Things got even more exciting in October, when IEEE announced the competition winners: in third place, a team from Portugal; in second place, Pennsylvania State University, and in first place, Dangerous Directivity.

“Finding out we had taken first place was the cherry on top, very exciting,” Francis said.

He added that it was exciting to come up with an idea, present it, then build it and see it working in real life. Team captain Guañuna said they’d be able to present confidently, knowing how they rank with other teams.

Although the win was exciting, the experience itself was the biggest reward.

“My team was phenomenal,” Guañuna said. “Every single person had very specific talents, and we communicated very well.”

Francis echoed Guañuna’s sentiments, saying they were lucky to be put together because they all worked so well. They selected Guañuna as their team lead, but he didn’t have to do much leading.

“They were all super self-motivated,” he said.

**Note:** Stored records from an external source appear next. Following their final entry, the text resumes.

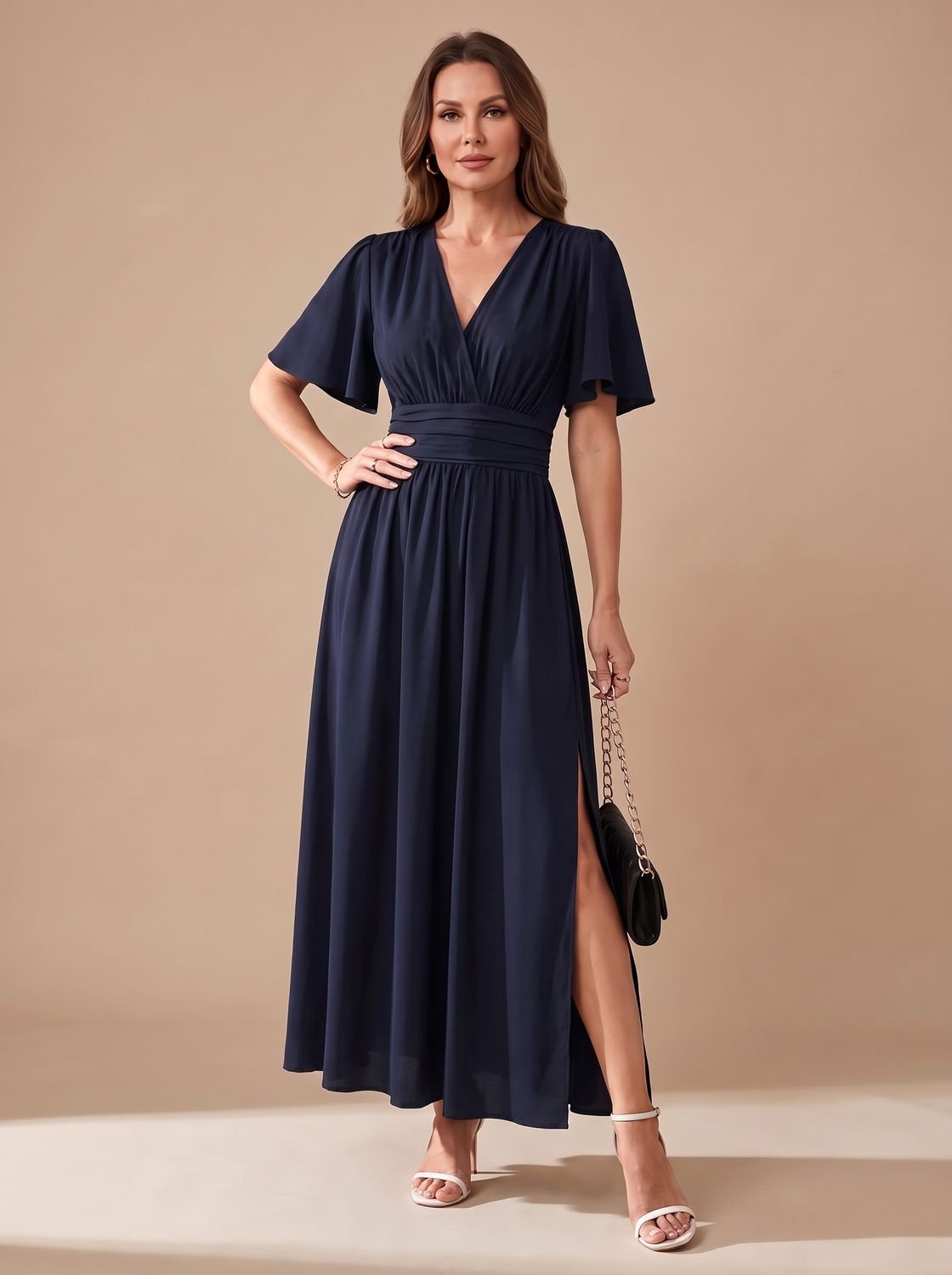 Olivia | Women's V-Neck Flutter-Sleeve High-Waist Maxi Dress Side Slit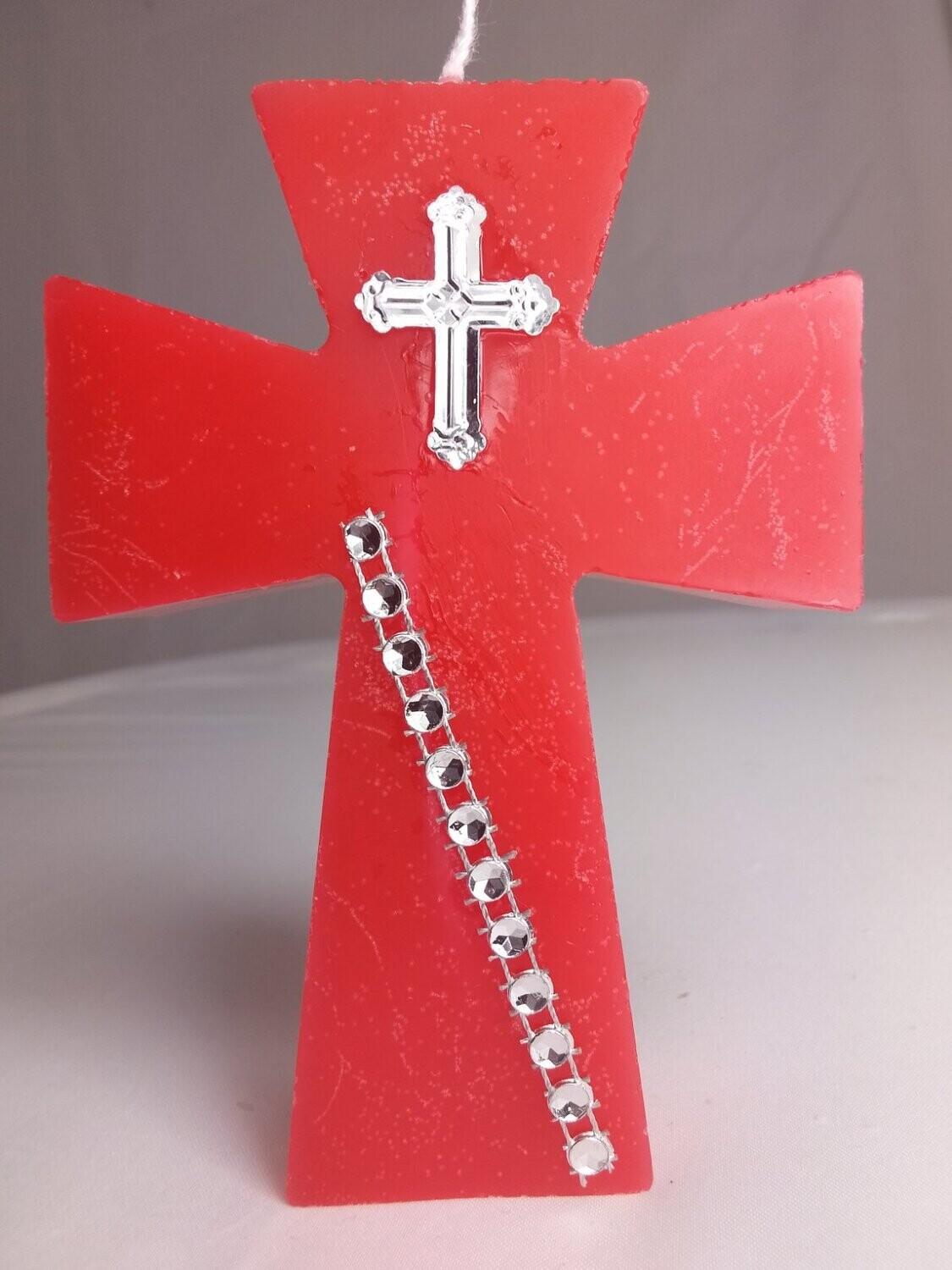 Handmade cross religious candle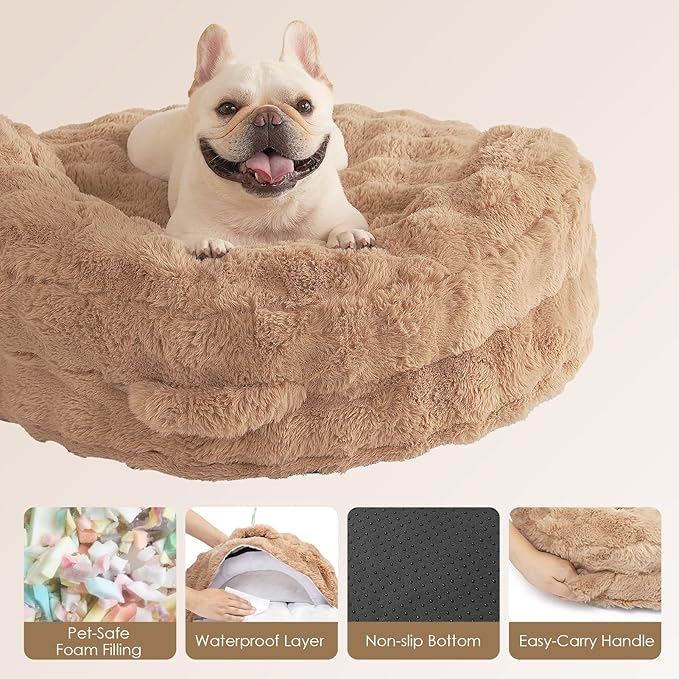 EHEYCIGA Soft Dog Couch Bed for Large Dog, Fluffy Medium Dog Bed with Removable Washable Cover, Bolster Pet Sofa, Waterproof and Non-Slip, 36" x 36"x 9", Camel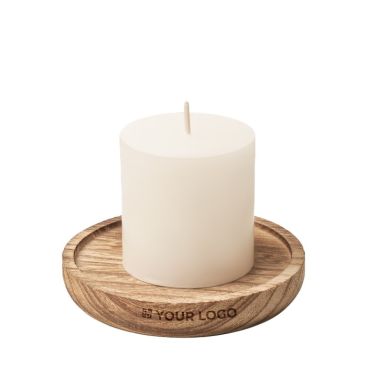 Portavelas personalizado con vela aromática de vainilla con portavela de madera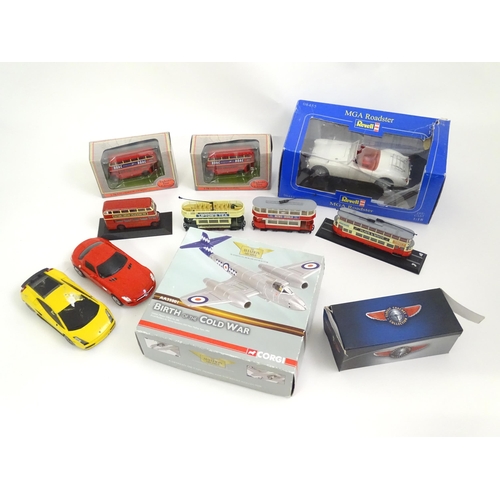 337 - A quantity of assorted die cast scale model vehicles to include Corgi The Aviation Archive Gloster M... 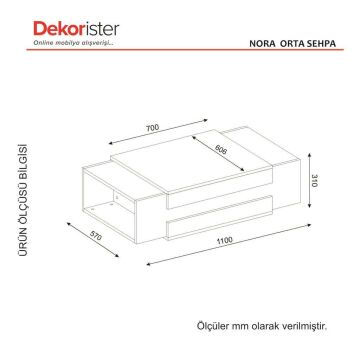 Dekorister Nora Orta Sehpa BEYAZ-CEVİZ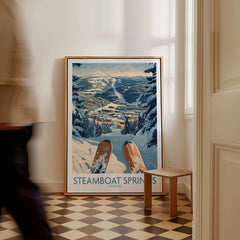 Steamboat Springs Ski Print -  Colorado in a stylish interior setting, showcasing beautiful ski slopes and winter scenery.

Now living in Germany, Ohio, Mongolia, Japan, and Utah, the team is spread throughout the world. Due to outside obligations for most of the team, Kinnison will be representing the rest in Singapore, which recently reopened for visitors.

But the other four aren’t without their rewards. They will receive a cash prize for winning, and for Francis and Guañuna, the Capstone experience was a reward in itself.

“There was hardware, software, firmware, and we had to use so many talents and resources that we’d accumulated,” Guañuna said. “When I walked away, I felt like, ‘I’m actually an engineer.’”

He also said his leadership experience from captaining the team was one of the most attractive things to the company that hired him. Francis said the Capstone experience gave him a leg up in his new job working with radars for NASIC.

“Coming into this job, my coworkers were surprised that I already knew basically the guts of radar: the terminology and how they work,” he said.

It’s also a boon for BYU.

“It puts BYU on the map, because there was high-level competition from universities around the world,” Warnick said.

Francis said he’s very proud to have put BYU on the international stage and to have shown the world that we have an excellent Electrical and Computer Engineering department. And the department is bound to become even more excellent as the team’s device educates future generations of students on beamforming arrays with unprecedented finesse.